PREPARATIONS HAD TO BE MADE, AND HE SET ABOUT them with His usual care. He worked quietly. He caught Himself smiling more than once. He even hummed as He measured for the span of a grown man’s arms and when He sang, He did so quietly because it would be idiocy to take an unnecessary and stupid risk at this point. He chose tunes from who-only-knew-where, and when He finally burst into “A Mighty Fortress Is Our God,” He had to chuckle. For inside the van, it was indeed a fortress: a place where He would be safe from the world, but the world would never be safe from Him.

The second set of leather restraints He fixed opposite the sliding panel door of the van. He used a drill and bolts to do the job, and He tested the result with the weight of His body, hanging from them as the observer would hang, struggling and twisting as the observer would do. He was satisfied with the result of His efforts, and He went on to catalogue His supplies.

The cylinder for the stove was full. The tape was cut and hanging well within His reach. The batteries in the torch were fresh. The implements for a soul’s release were sharp and prepared for use.

The van had petrol, a full supply. The body board was perfectly pristine. The clothesline ligatures were neatly coiled. The oil was in its proper place. This would, He thought, be His crowning achievement.

Oh yes, too right. You think that, do you? Where’d you learn to be such a fool?

Fu used the back of His tongue to change the pressure against His eardrums, eliminating the maggot’s voice for a moment, that insidious planting of the seeds of doubt. He could hear the whoosh of that pressure changing: Crinkle and crack against His eardrums and the maggot was gone.

Only to return the instant He ceased the movement of His tongue. How long’re you planning to occupy space upon the planet? Was there ever on earth a more useless bit of gobshite than you? Stand there and listen when I’m talking to you. Take it like a man or get out of my sight.

Fu hastened His work. Escape was the key.

He left the van and made for safety. There was nowhere, really, where the maggot left Him in peace, but there were still distractions. Always had been and always would be. He sought them. Quickly now, quickly quickly. In the van, He used judgement, punishment, redemption, release. Elsewhere, He used more traditional tools.

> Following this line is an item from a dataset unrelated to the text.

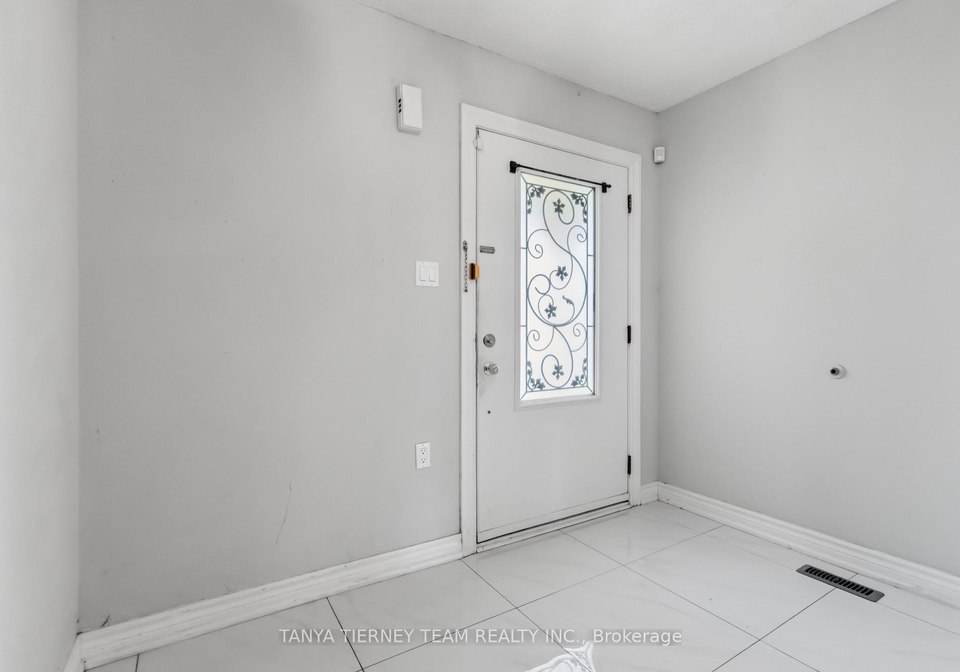 11-hunter-drive-ajax-ontario-e13828528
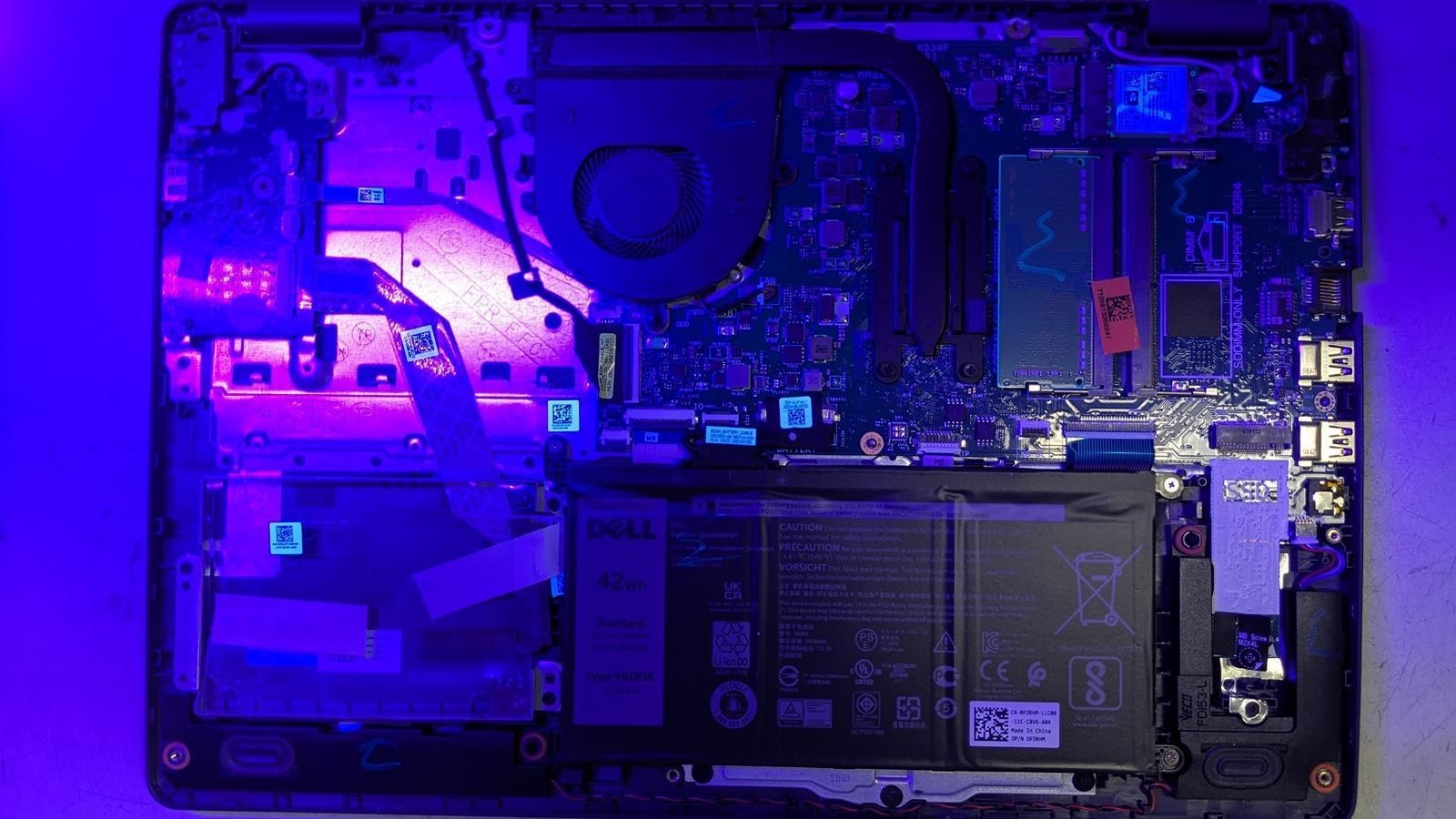 DELL INSPIRON 3501 i5-1135G7 @ 2.40GHz, 8GB RAM, NO HDD/OS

Do something useful with your time, little sod.

He would, He would. Oh yes He would.

He made for the television and punched it on, raising the volume until everything else might be driven away. On the screen, He found Himself looking at a building’s entrance, figures coming and going, a female reporter’s mouth moving, and words that He could not connect to meaning because the maggot would not leave His brain.